The slowest part of the website is the logging part of it. I store the data in another table called ‘Hits’:
id mediumint(10) (primary key, auto-increment)
progID text
ts int(10)
Again, here (this was all made a while ago) but my Timestamp (ts) is an INT instead of ON UPDATE CURRENT TIMESTAMP, which I guess it should be. However This table is now 47,492 rows long and the script that I wrote to process it is very very slow, so slow in fact that it times out. A row is added to this table each time a user clicks ‘Play’ on the website and then so the progID is the same as the pID, and it logs the php time() timestamp in ts
.
Basically I load the entire database of ‘Hits’ into an array and count the hits in each day using the TS column. I am guessing (i’m quite slow at all this, but I had no idea this would happen when I built the thing) that this is possibly the worst way to go about this.
So my questions are as follows:
- Is there a better way of structuring the ‘Videos’ table, is so, what do you suggest?
- Is there a better way of structuring ‘hits’, if so, please help/tell me!
Or is it the fact that my tables are fine and the PHP coding is crappy?
7
Basically I load the entire database of ‘Hits’ into an array and count the hits in each day using the TS column.
You want speed, De-normalize.
This is one of those rare occasions when De-normalization is OK. to slow you site even a little bit for something as minor as hit counter is Crazy.
So create a Table like such:
Video bigint(20)
Date (Date Only)
HitCounter int
Each time you have a hit Update this table, adding one to the HitCounter
. (Insert a new record with the first hit of the day). Now you can always get your counts in an instant.
Important Note: Anytime you de-normalize like this make sure you have a routine that can repair the data in your summary table. This routine should run regularly.
As others have pointed out, because you have so little data, I am in agreement with them in doubting the counter is the cause of your performance problem. The solution above is most likely similar to what YouTube is doing for counts.
-
Why do you have a string pID when you already have a unique integer identifier in ID? The ID column, declared as a primary key is probably already indexed, and integer comparisons are much faster than string ones. Why can’t you just use ID instead of pID everywhere and drop the pID column?
-
I think #1 above is a minor error. Have you timed your application to prove to yourself exactly where the slowness is? Unless you are absolutely certain what is slow, you are wasting your time trying to speed up the wrong things.
In Java I use:
long startMs = System.currentTimeMs();
logger.info("Time before doing first thing: " + System.currentTimeMs() - startMs);
// do first thing.
logger.info("Time before doing second thing: " + System.currentTimeMs() - startMs);
// do second thing.
logger.info("Time after doing second thing: " + System.currentTimeMs() - startMs);
// etc.
logger.info("Total time: " + System.currentTimeMs() - startMs);
Run the slow part of your program at least 5 times, maybe 10 times to be sure that your test system isn’t busy doing something else and throwing your timings off. Write down your timings, specifically what is slow, exactly how slow, AND the total time. You don’t want to speed up one part by slowing down another part so much that you actually make the whole thing slower.

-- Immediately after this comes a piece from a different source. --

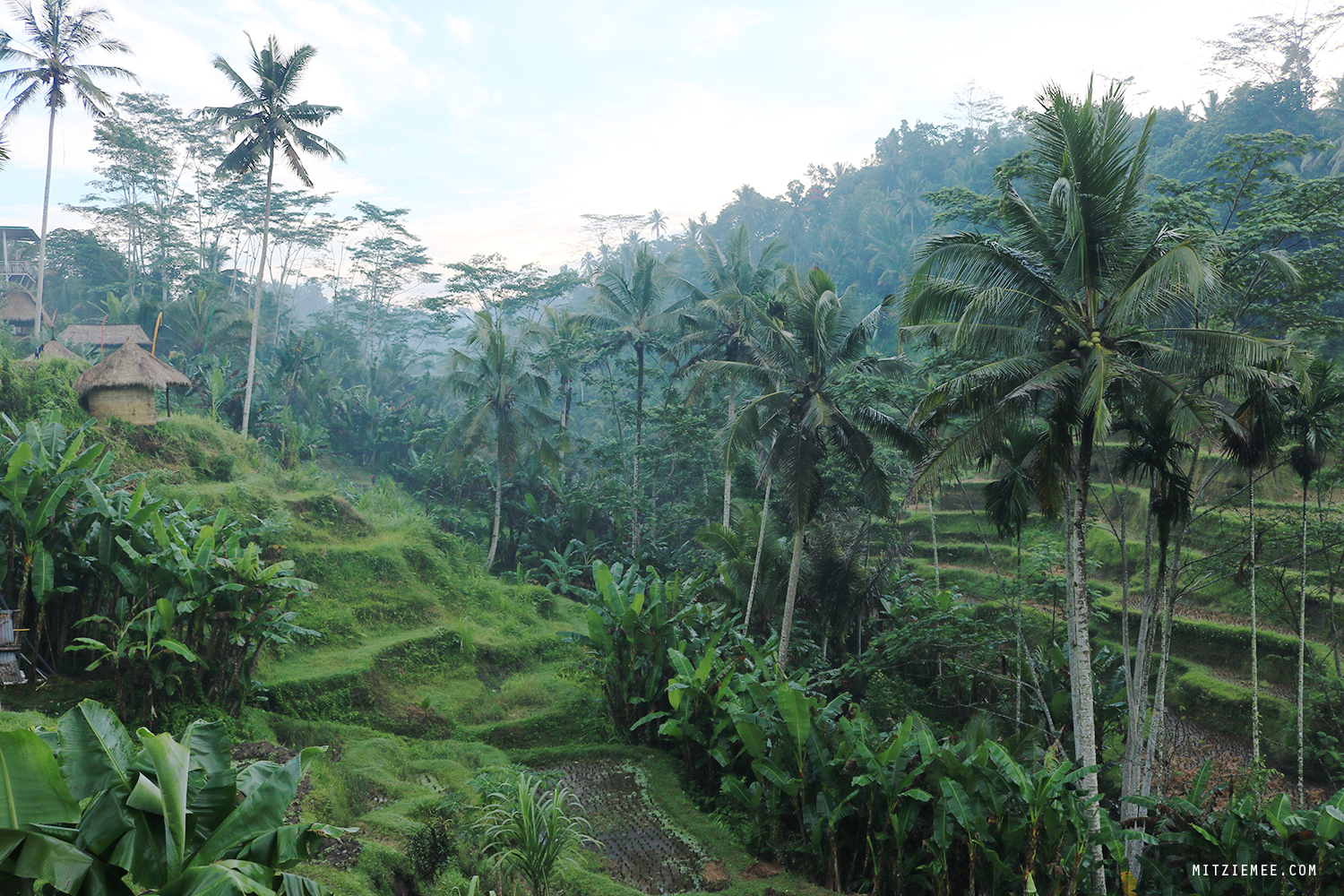 Tegallalang rice terraces, Bali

I can see a couple of things you should look at.
What is pID used for? If it’s just to link the 2 tables an int will be a lot faster and simplify the videos table.

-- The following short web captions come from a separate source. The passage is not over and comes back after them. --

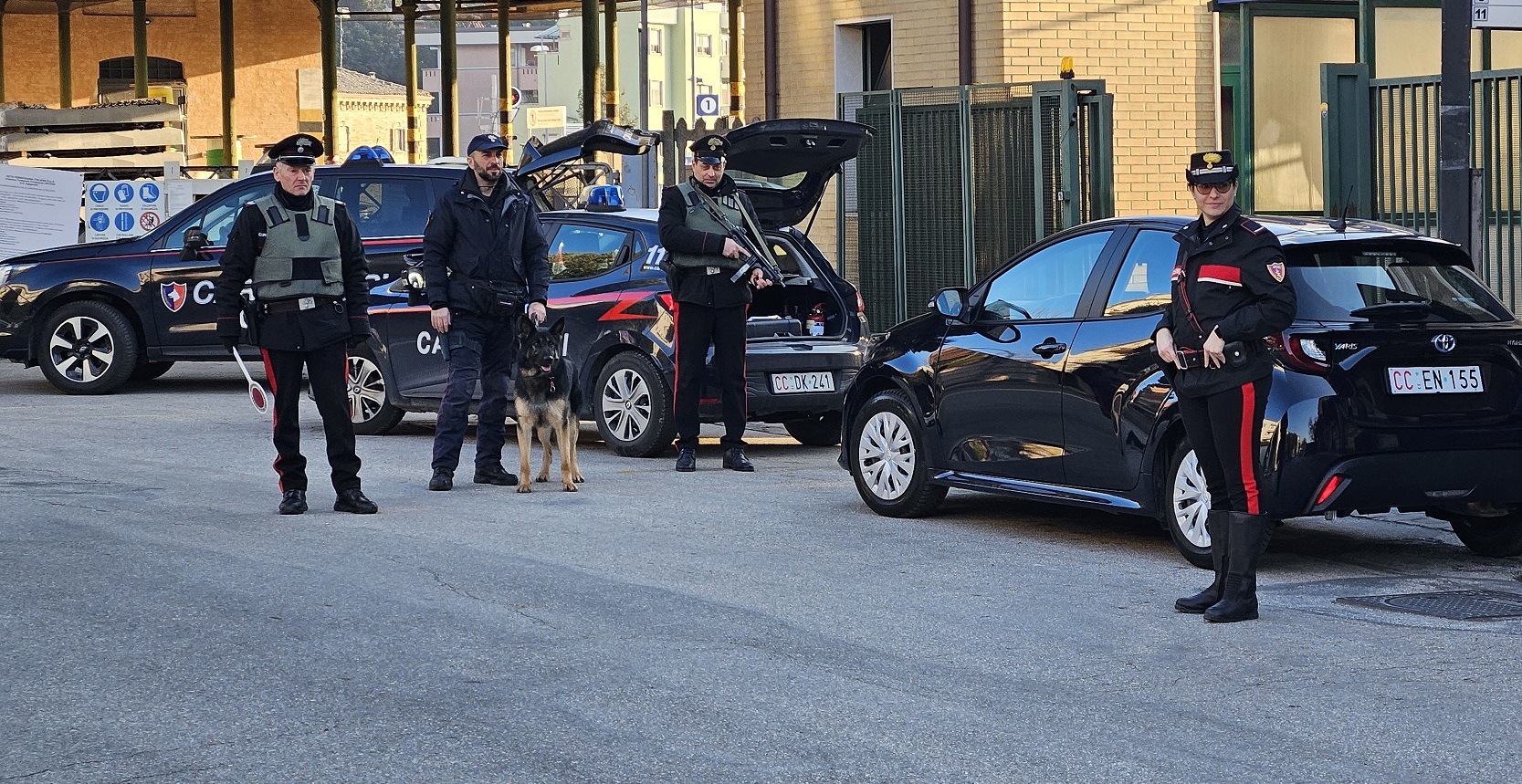 Carabinieri, in provincia di Macerata controlli e sanzioni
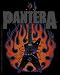 Pantera - Dimebag Guitar - Sticker / Decal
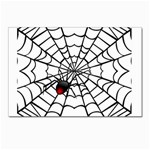 spiderweb 2 Postcards 5  x 7  (Pkg of 10)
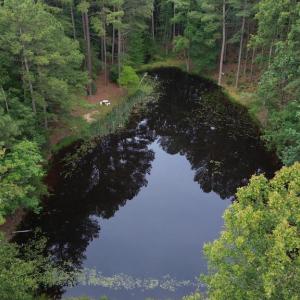 Photo #5 of 272 MOON SHADOW LN, LOUISA, VA 5.0 acres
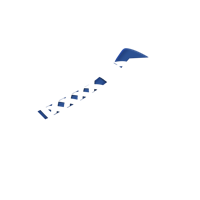 Option value image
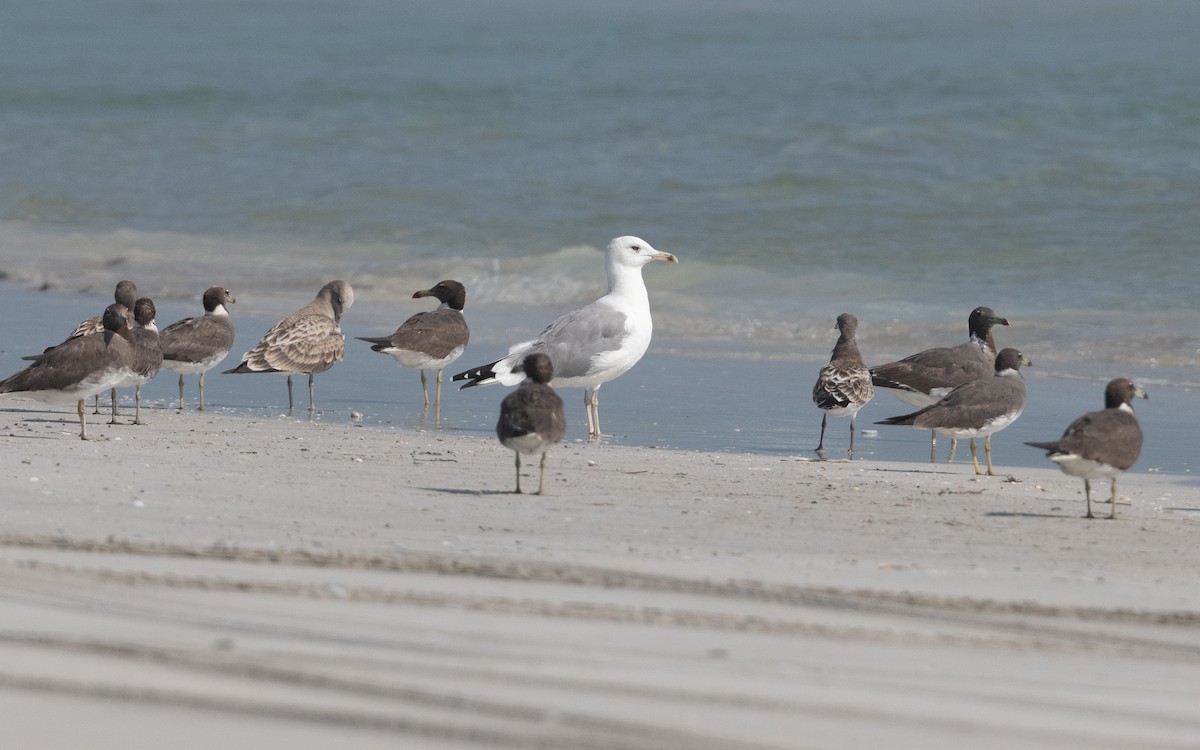 Caspian Gull - ML627386132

You’re right, AirDate should be stored as a timestamp/datetime field, whenever possible you want to keep the text fields to the minimum required. I’d even consider moving title, subject (& a new description field) into a separate table (this keeps the main videos table as small and fast as possible):
ID bigint (same as videos.ID field)
title mediumtext
subject mediumtext
description mediumtext
For the hits table, I’d do exactly as @Morons suggested, possibly with an additional table to log each play separately (if this is important):
ID bigint (same as videos.ID field)
playedat timestamp/datetime
playedby int (if userid is known) / text (IP address if videos can be played anonymously)
@Morons suggestion will give the biggest speed increase though. As a basic rule, whenever possible, push as much data logic onto the DB server, it’s what they’re designed for and they’re very good (fast) at it, also minimize the number of times you hit the DB and the amount of information you’re transferring back over the network.